Task description
Would you please copy only the lines from the line that contains "Blumenförmige Silikon-Mousse-Kuchenform in" to the end of the data below, exactly, leaving every picture out?

Material to process
______________________________
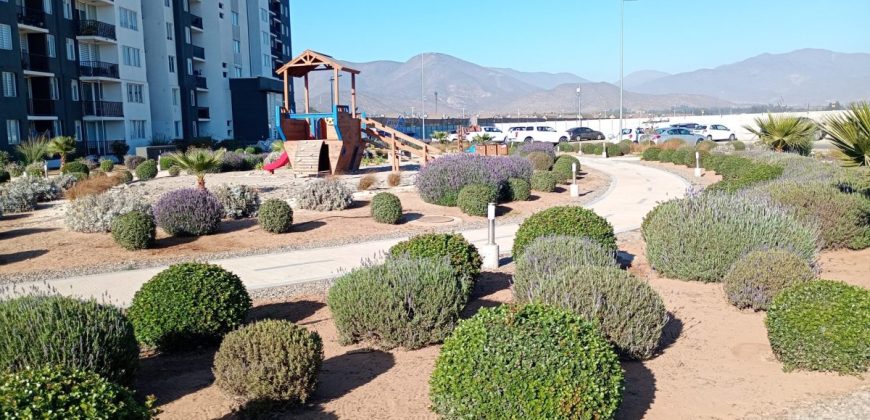Departamento 2 dormitorios / 1 baño / 1 estacionamiento, Condominio Alto Hacienda – Coquimbo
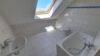 Dachgeschosswohnung mit offener Küche und Blick ins Grüne - Badezimmer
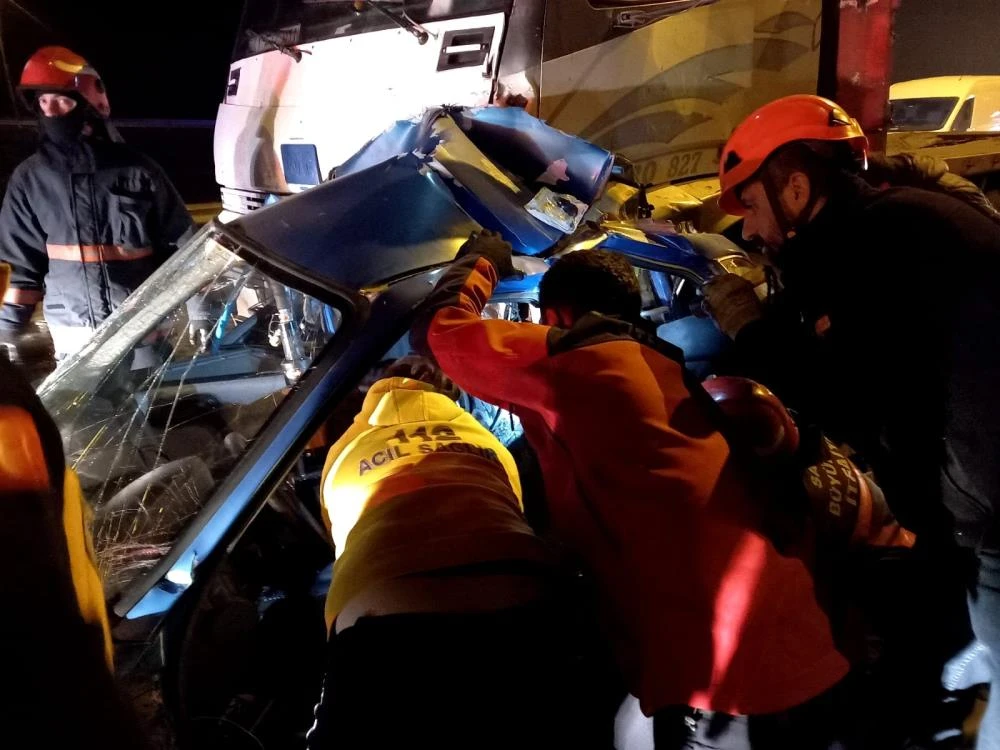 Kamyon otomobili adeta biçti: Çok sayıda yaralı var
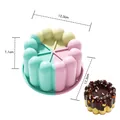 Blumenförmige Silikon-Mousse-Kuchenform in Pastellfarben mit Maßen 12,3x7,1 cm - Rund (A3626) / Dreifarbig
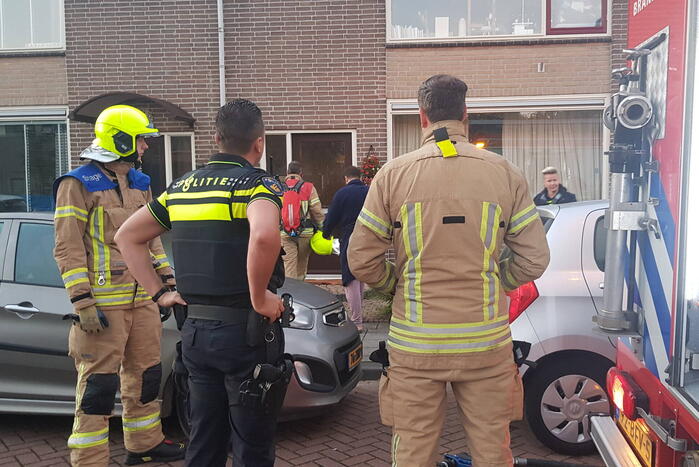 Bewoner ademt rook in bij keukenbrand
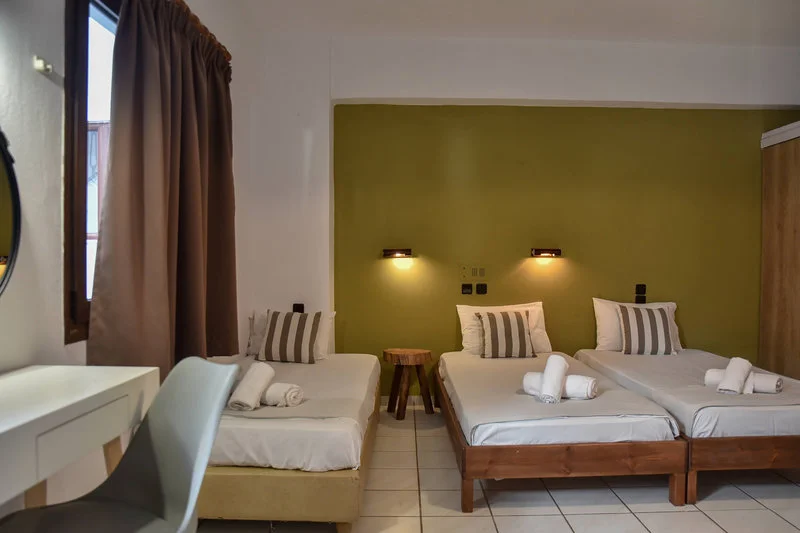 Iraklis Apartments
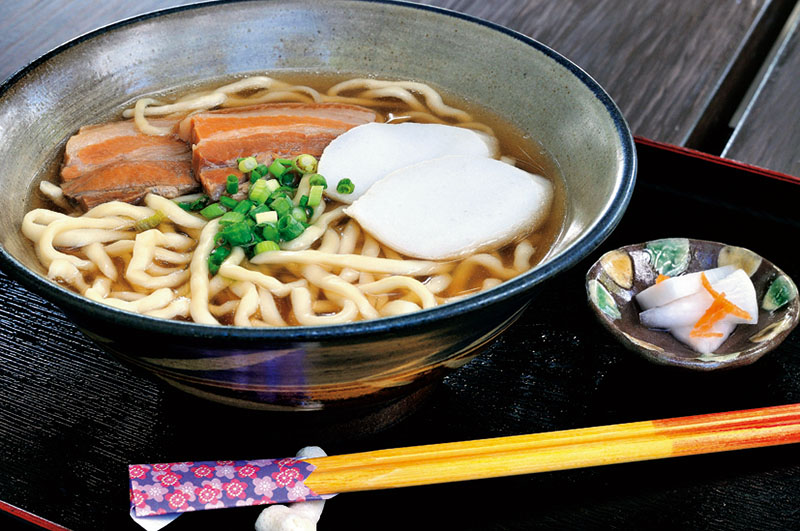 麺の食味感とあっさりだしが見事な「そば(三枚肉)」 麺の食味感とあっさりだしが見事な「そば(三枚肉)」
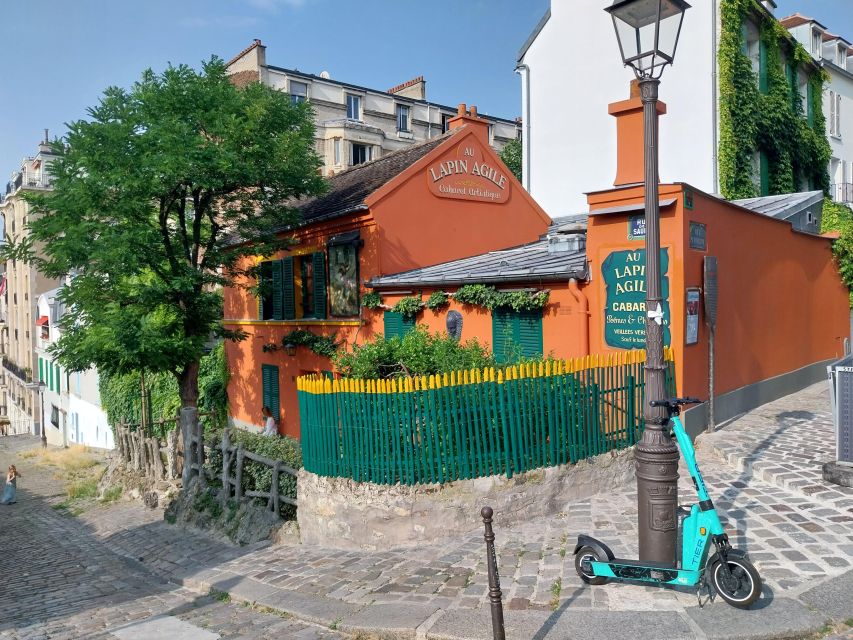 Montmatre Walking Tour: the essential highlights+ - Lapin Agile: the bohemian vibe you can actually feel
______________________________
Expected answer
 Blumenförmige Silikon-Mousse-Kuchenform in Pastellfarben mit Maßen 12,3x7,1 cm - Rund (A3626) / Dreifarbig
 Bewoner ademt rook in bij keukenbrand
 Iraklis Apartments
 麺の食味感とあっさりだしが見事な「そば(三枚肉)」 麺の食味感とあっさりだしが見事な「そば(三枚肉)」
 Montmatre Walking Tour: the essential highlights+ - Lapin Agile: the bohemian vibe you can actually feel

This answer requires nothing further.